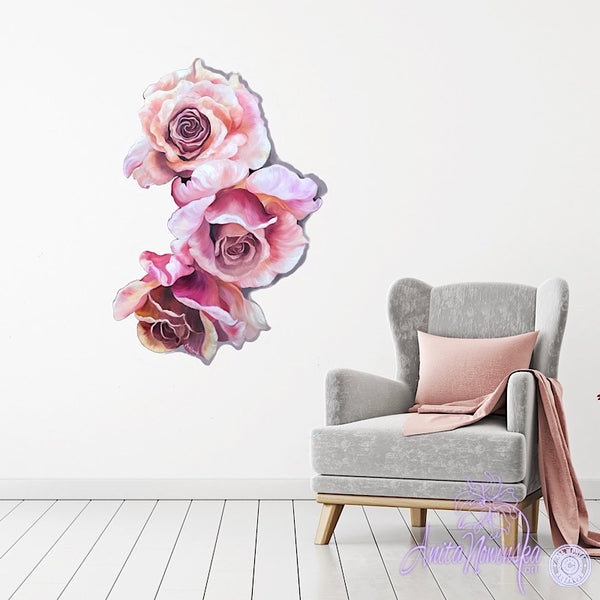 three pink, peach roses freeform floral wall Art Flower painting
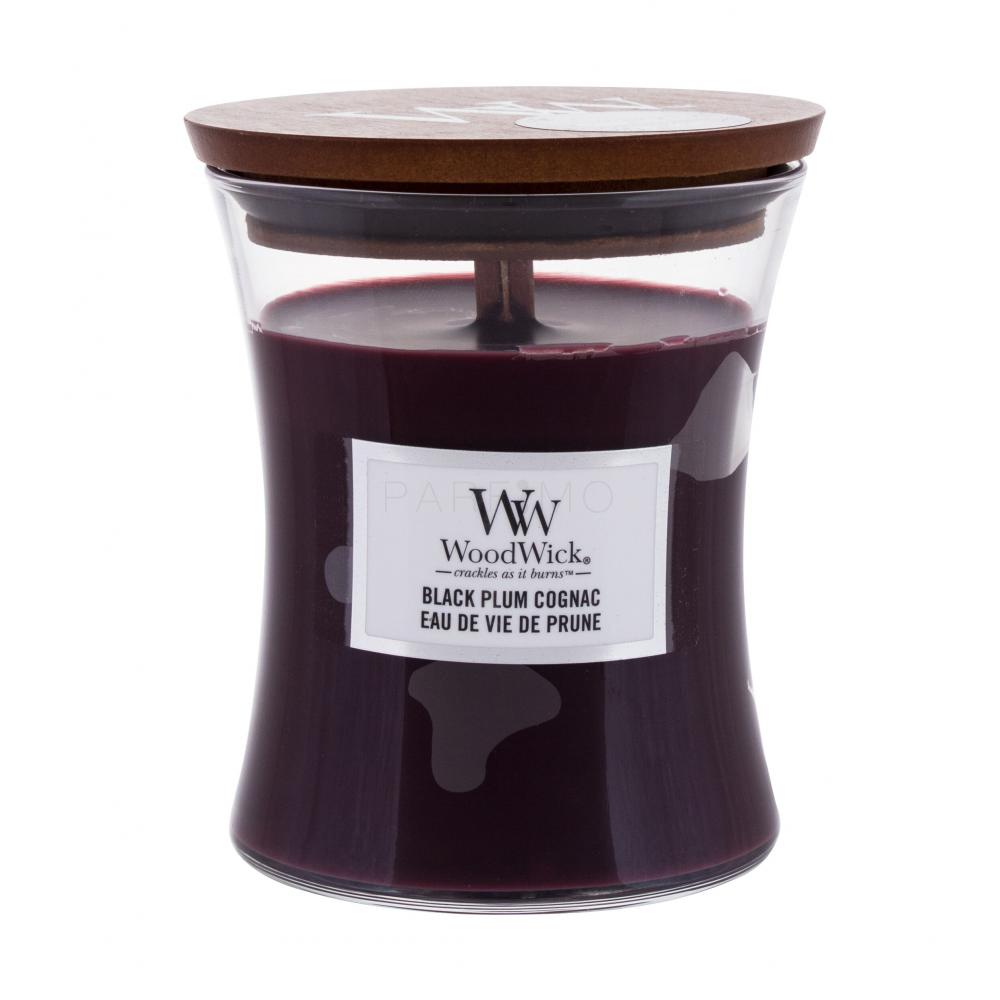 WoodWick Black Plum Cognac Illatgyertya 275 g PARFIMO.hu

* * *

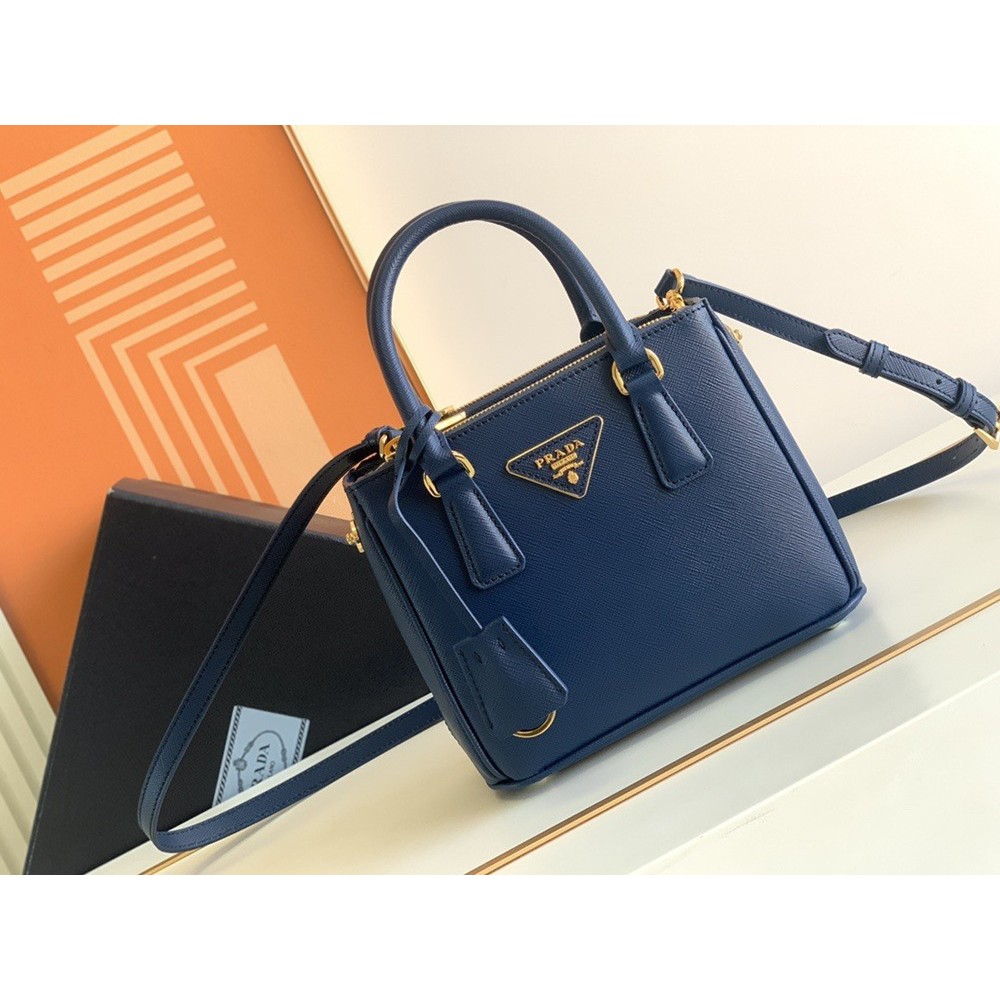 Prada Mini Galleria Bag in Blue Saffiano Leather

---

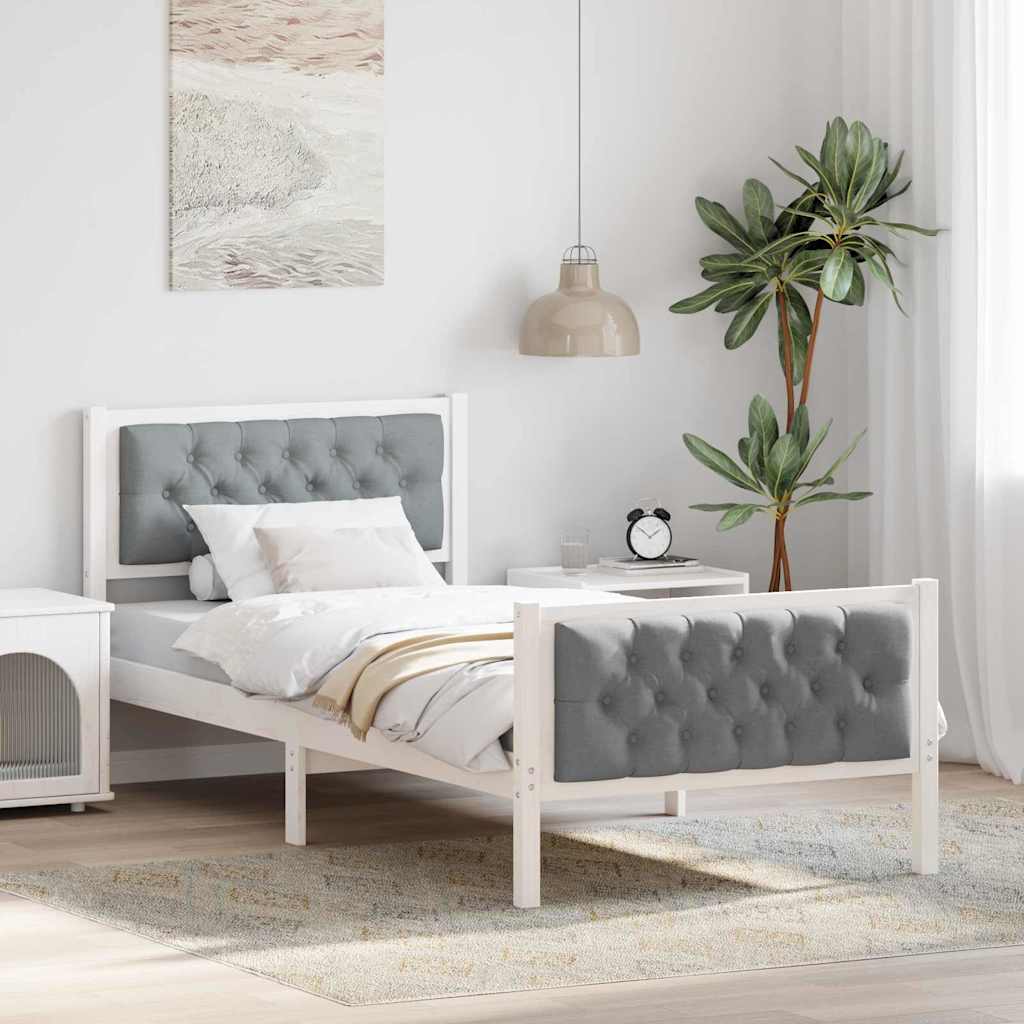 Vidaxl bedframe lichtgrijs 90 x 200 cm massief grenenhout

• Problem details: Only the lines starting at the one with "three pink, peach" and ending at the one with "WoodWick Black Plum" should be printed, each exactly as it appears in the material above; the pictures are to be omitted.

• Response area:
 three pink, peach roses freeform floral wall Art Flower painting
 WoodWick Black Plum Cognac Illatgyertya 275 g PARFIMO.hu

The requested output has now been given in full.